> WHAT THE TASK REQUIRES
Write each line of the material exactly as given, from the top through the line that contains "Foto 10 - Cosy", and omit all pictures.
Start of RECORDED INFORMATION
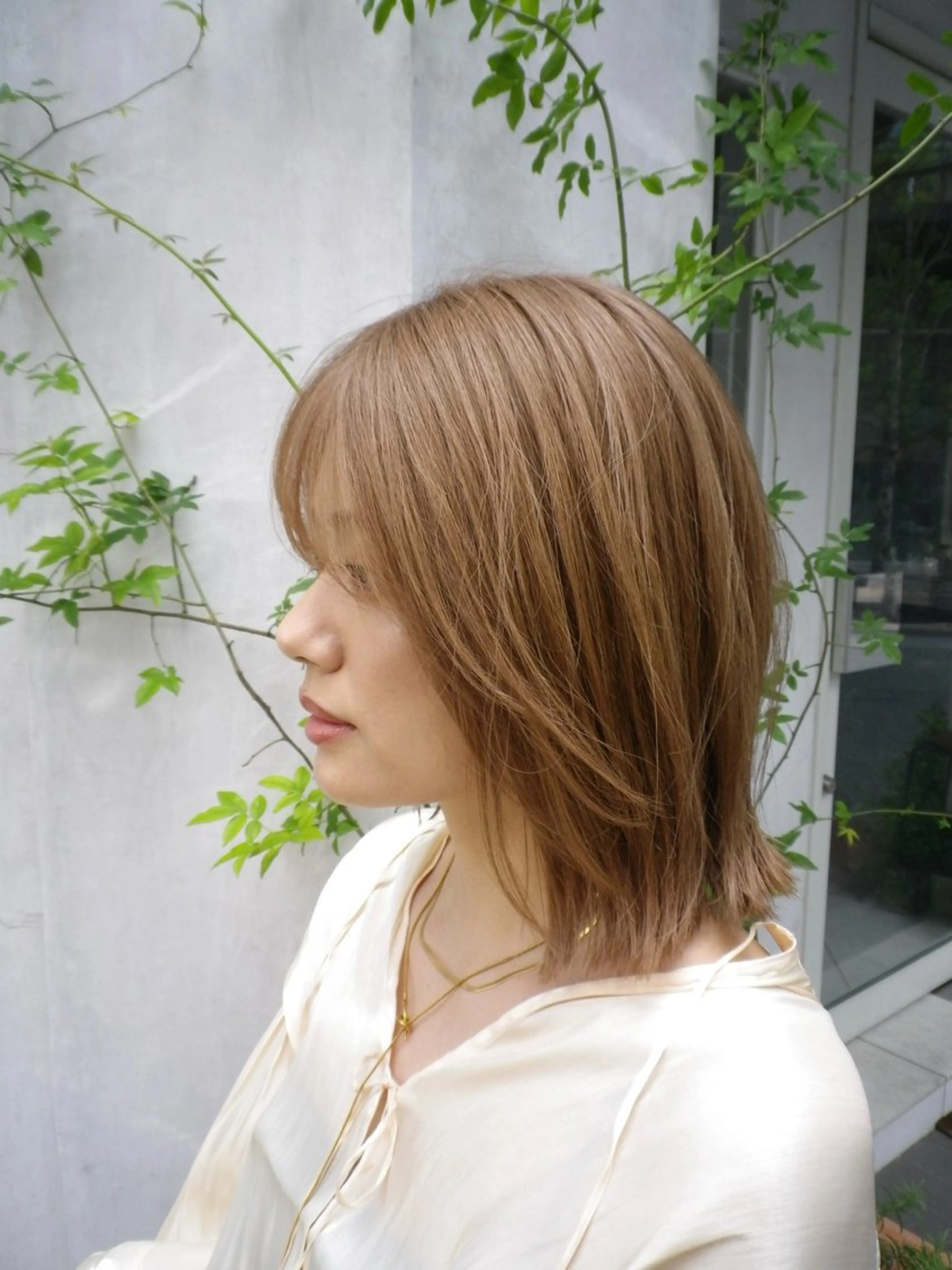 ミディアム ボブ カット ヘアカラー 越冨 晃平のヘアスタイル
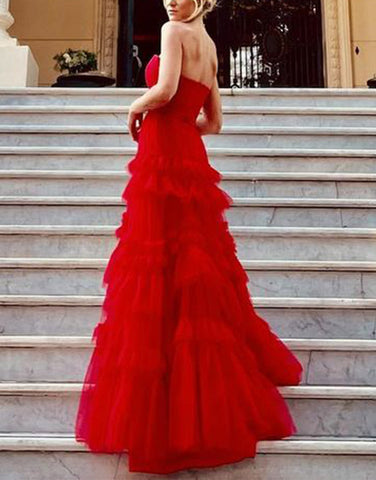 Matilda | Vestido de fiesta de tul con volantes y corte A sin tirantes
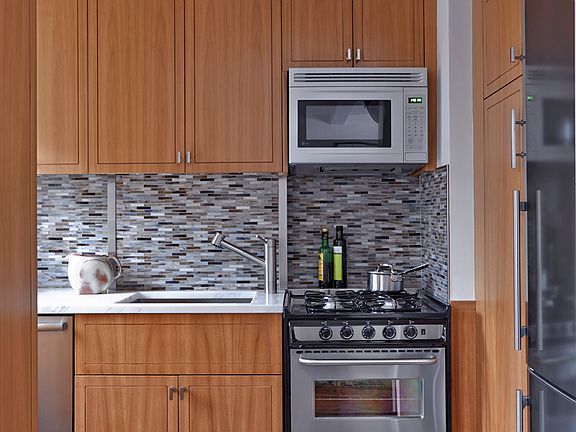 4th image of 405 W 23rd St APT 5J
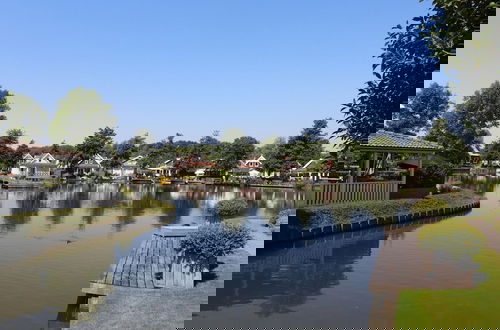 Foto 10 - Cosy Holiday Home on the Water With Garden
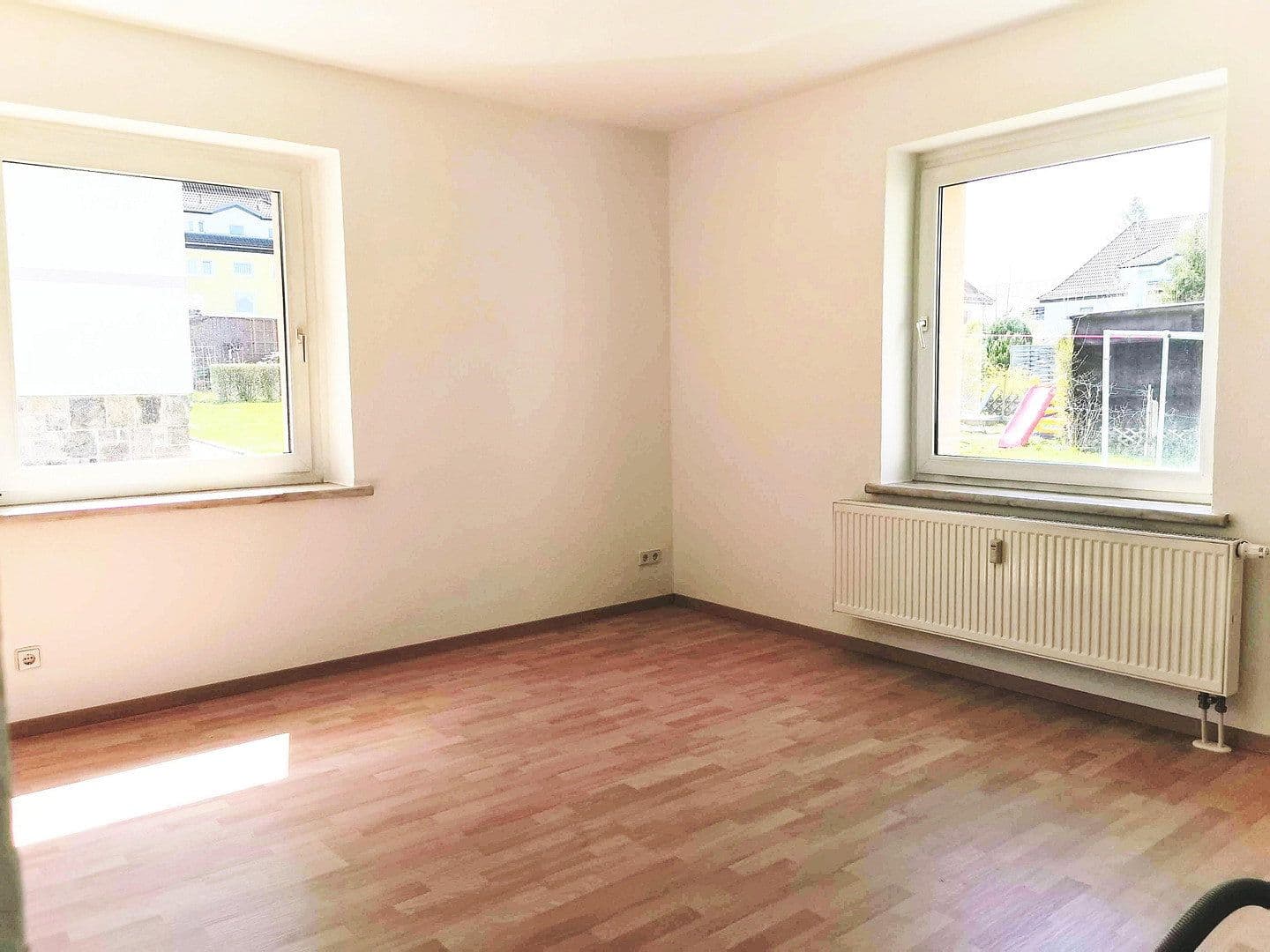 Pronájem bytu 2+1 43 m², Abteisiedlung 17, Oberlungwitz, Sasko Pronájem bytu 2+1 43 m², Abteisiedlung 17, Oberlungwitz, Sasko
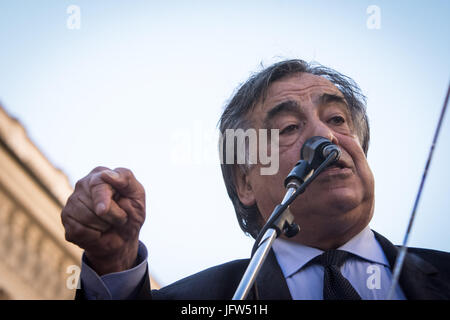 Roma, Italia. 01 Luglio, 2017. Leoluca Orlando durante la manifestazione organizzata dal gruppo "insieme" (insieme), una nuova coalizione di sinistra-centro parti nel centro di Roma. L'obiettivo della coalizione "Insieme" è di costruire il dialogo, autonoma dal Partito Democratico leader Matteo Renzi, ma anche di parlare con gli elettori e per dare la progressiva elettori un riferimento. Credito: Andrea Ronchini/PacificPress/Alamy Live News Foto Stock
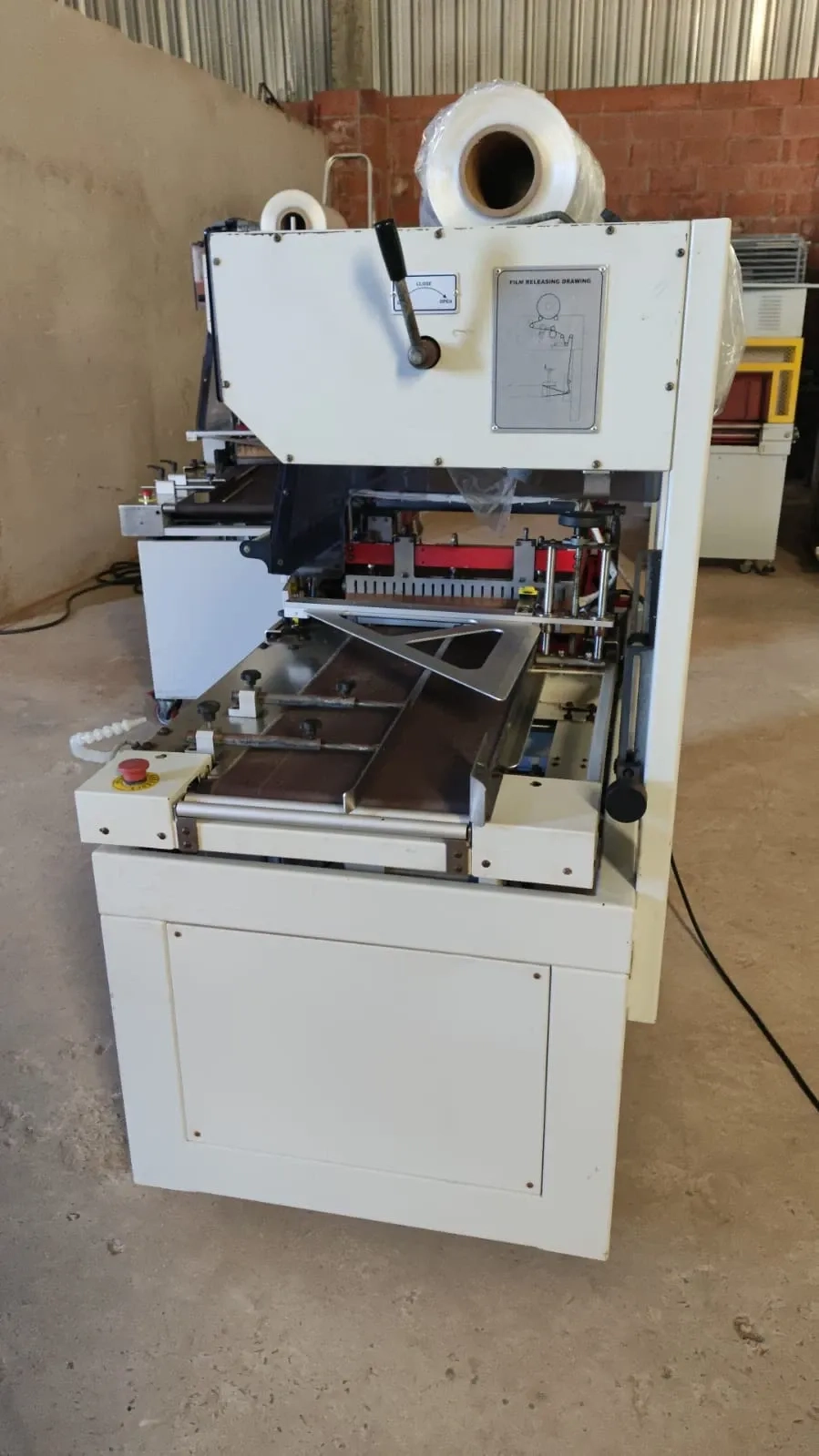 seladora-automatica-em-l-shrink-com-tunel-de-encolhimento-marca-bba-comex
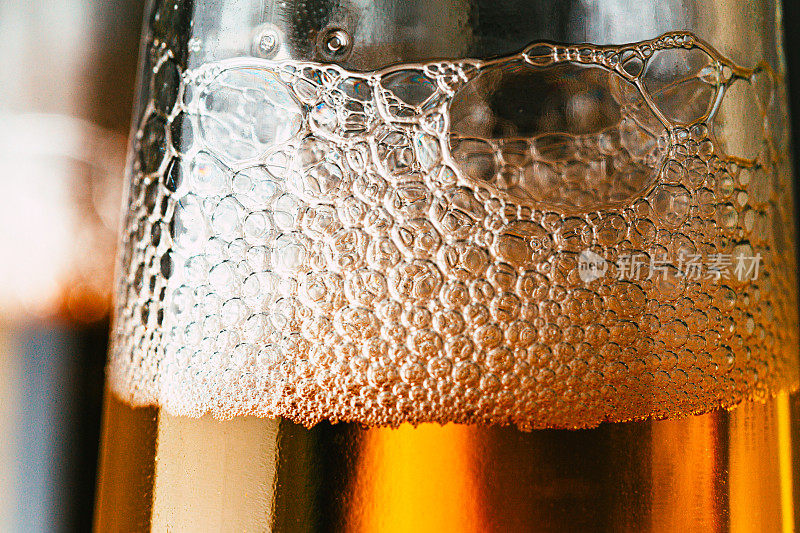 一瓶大啤酒中的气泡宏观特写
End of RECORDED INFORMATION
> COMPLETED TASK
 ミディアム ボブ カット ヘアカラー 越冨 晃平のヘアスタイル
 Matilda | Vestido de fiesta de tul con volantes y corte A sin tirantes
 4th image of 405 W 23rd St APT 5J
 Foto 10 - Cosy Holiday Home on the Water With Garden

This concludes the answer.